■ **What you need to do**
Transcribe all of the data exactly. Images stay out.

■ **Dataset extract**

________

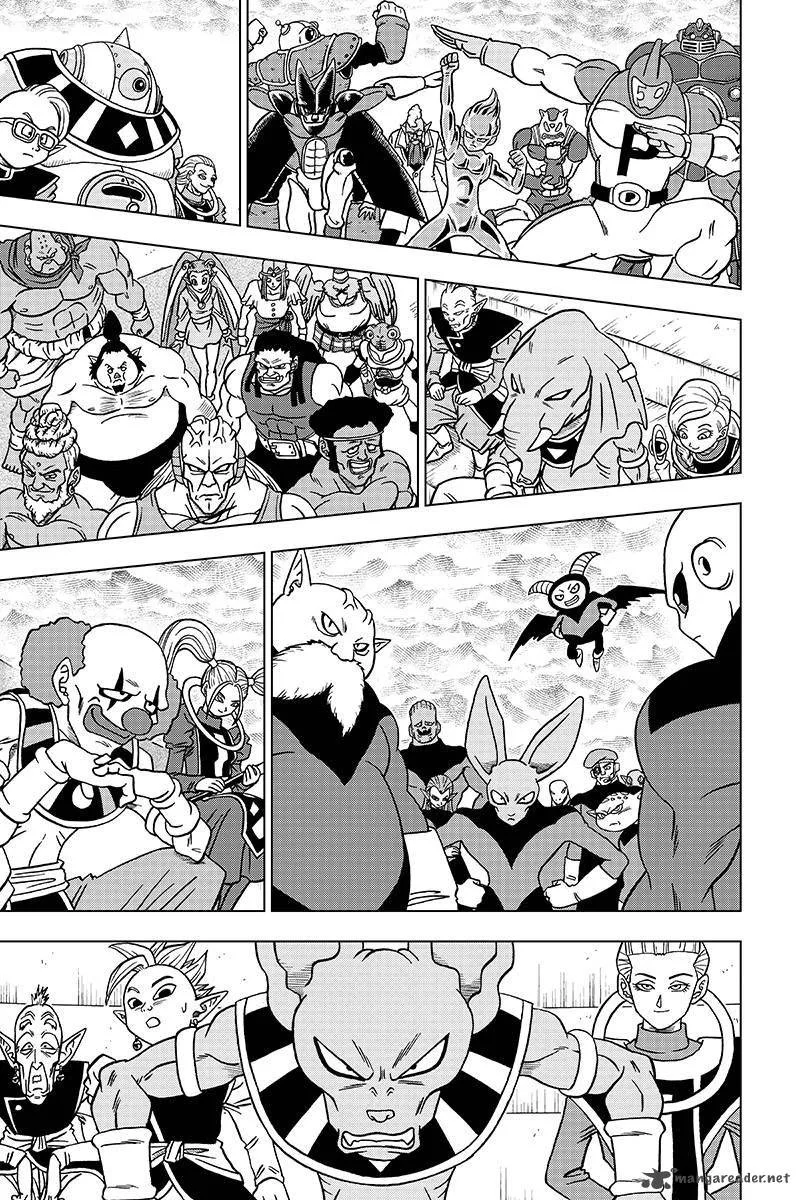 Dragon Ball Super Chapter 33 page 19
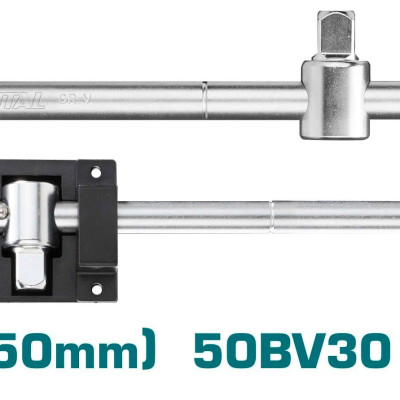 THANH TRƯỢT T 1/2" TOTAL THTSTB12106 - HÀNG CHÍNH HÃNG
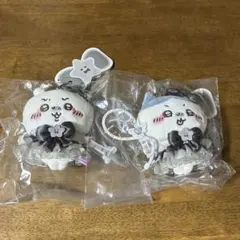 超まじかるちいかわ　悪いバージョンだマスコット　ちいかわ　ハチワレ　2体セットのサムネイル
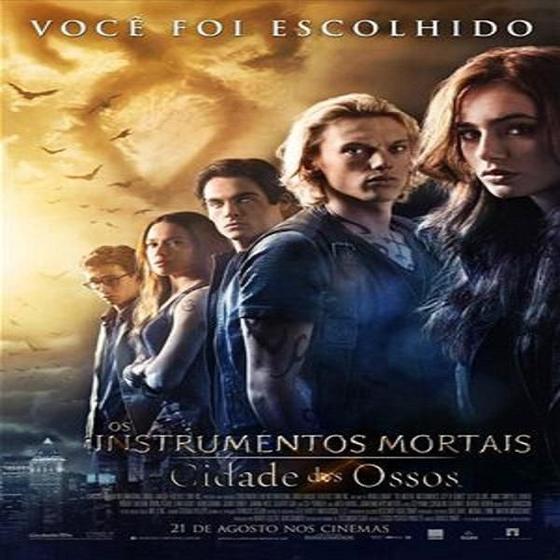 Dvd Cidade Dos Ossos - Os Instrumentos Mortais - Paris Filmes - Filmes ...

________

■ **Written reply**
 Dragon Ball Super Chapter 33 page 19
 THANH TRƯỢT T 1/2" TOTAL THTSTB12106 - HÀNG CHÍNH HÃNG
 超まじかるちいかわ　悪いバージョンだマスコット　ちいかわ　ハチワレ　2体セットのサムネイル
 Dvd Cidade Dos Ossos - Os Instrumentos Mortais - Paris Filmes - Filmes ...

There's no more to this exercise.